J’aurais pu faire ça en Electron. Je connais JavaScript. Electron m’aurait donné un prototype fonctionnel dans l’après-midi, un binaire distribuable le lendemain, et 300 Mo de Chromium embarqués avec un navigateur de fichiers. Tout l’intérêt était de construire quelque chose de natif. Pas par conviction philosophique sur la qualité logicielle, même si ça a pesé dans la balance. Plus concrètement : j’utilisais macOS depuis des années sans avoir jamais compris comment la plateforme fonctionnait réellement. La signature, la sandbox, le processus de revue App Store, les recommandations d’interface. Je voulais comprendre la plateforme que j’utilise au quotidien, pas simplement m’en servir.
Apprendre Electron ne m’aurait rien appris que je ne savais déjà. Apprendre Swift, SwiftUI et le SDK macOS m’ouvrirait des portes qu’on ne trouve nulle part ailleurs.
La vraie raison pour laquelle j’ai créé Renala : mon disque était plein, j’étais curieux, et je voulais fabriquer quelque chose que j’utiliserais vraiment.

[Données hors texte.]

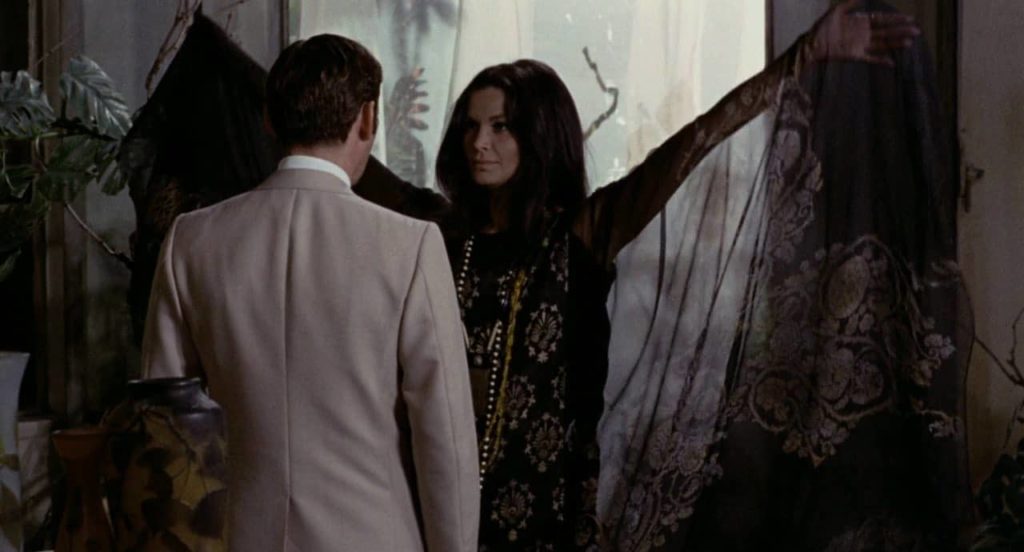 In a handsomely decorated room, a woman raises the arms of her black dress while standing before a man in a beige suit.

On ne publie pas un analyseur de disque avec un treemap cassé. On ne soumet pas à l’App Store une interface dont on a honte. Rien ne pousse à mieux coder que d’être obligé d’utiliser son propre logiciel.
Je me suis aussi fixé quelques principes non négociables dès le départ. L’application respecterait Don’t Make Me Think : chaque interaction devait être évidente, aucun utilisateur ne devrait avoir à se demander ce que fait un bouton. Elle serait accessible : prise en charge de VoiceOver, navigation au clavier, aucune information transmise uniquement par la couleur. Et elle serait localisée dès le premier jour, pas adaptée après coup : onze langues, dont l’arabe avec sa disposition droite-à-gauche et ses formes plurielles. Ce ne sont pas des fonctionnalités qu’on affiche sur une page marketing. C’est le minimum syndical.
Au bout de quelques semaines, ça marchait. J’utilisais mon propre outil.
C’est à ce moment-là qu’un projet personnel devient un produit. Pas quand on le soumet à l’App Store. Pas quand quelqu’un d’autre le télécharge. Quand on commence à s’en servir soi-même.
Le disque était plein. Il ne l’est plus. Le reste, ce sont des détails.